Act 15. 三刀一閃、瞳に宿るは鈍き輝き

<サンディエゴ・海兵隊基地>


 鞘の鯉口に手を置き、自身を囲む三体の対機甲強化素体(サイバネティクススーツ)を斎は見据える。四肢の感覚は無いが、まだ生身の身体である肩と膝にはピリピリとしたその場の雰囲気が伝わっていた。音にならない呼吸をしながら、両肩の力を抜いた斎は一陣の風が相手と自分の間に吹いた感覚を覚える。瞬間、斎は両膝に力を込めた。複合特殊柔合金(レアニウム)製の両脚が地面を蹴り、目の前にいた兵士へ一気に斎の身体を近づかせる。


「速ッ――――」


 最初に俺を見た者は、皆そう言う。そんな事を脳裏に浮かべながら斎は愛刀・日秀天桜を抜き払い、目の前に現れた片刃の得物と鍔競り合った。海兵隊仕様の強化素体にはMMR(対機甲)弾専用自動小銃(アサルトライフル)・GLK54の他に副武装(サイドアーム)には対機甲用の自動拳銃 GLS18が配備されている。
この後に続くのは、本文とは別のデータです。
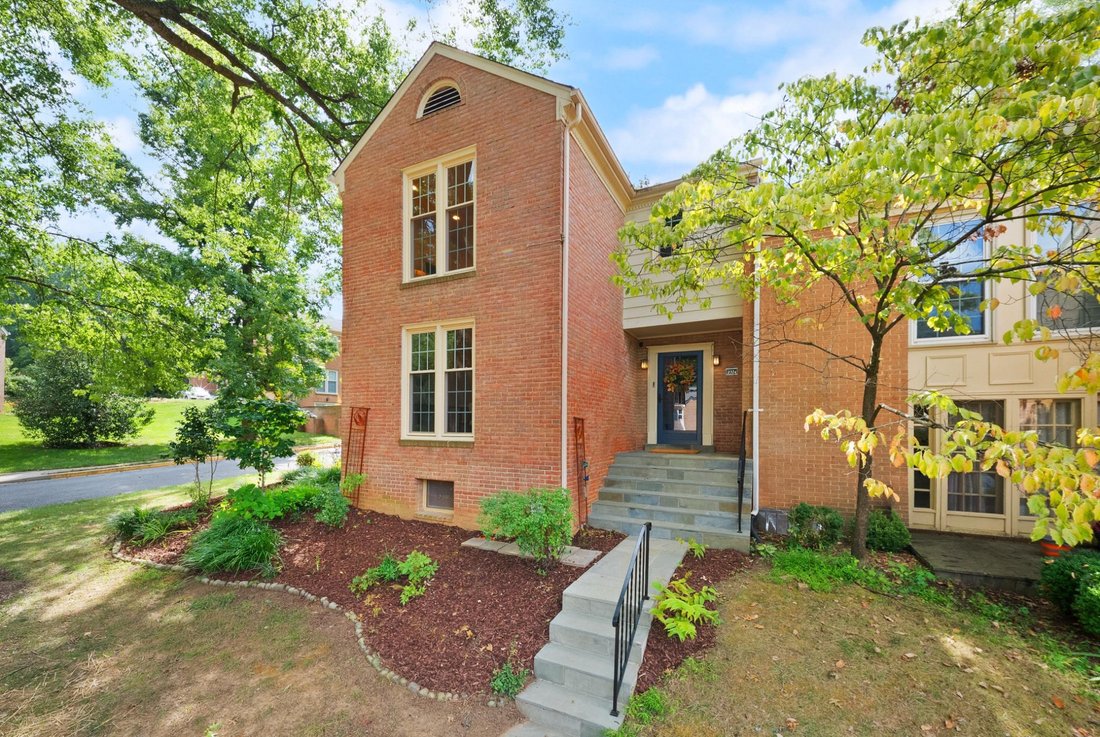 Townhouse en Pimmit Hills, Virginia, Estados Unidos 1 - 18810502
今回の訓練ではこれらの銃器は使用せず、近接戦闘を主体とした実戦訓練となっていた。故に、3人の兵士たちが扱う得物は軍刀(サーベル)型・山刀(マチェット)型・騎士剣(ロングソード)型の高周波ブレードのみである。今回は全て高周波の刃を纏わない訓練モードとなっており、刀身を身体の一部に当てた時点で強化素体の機能が停止するようになっていた。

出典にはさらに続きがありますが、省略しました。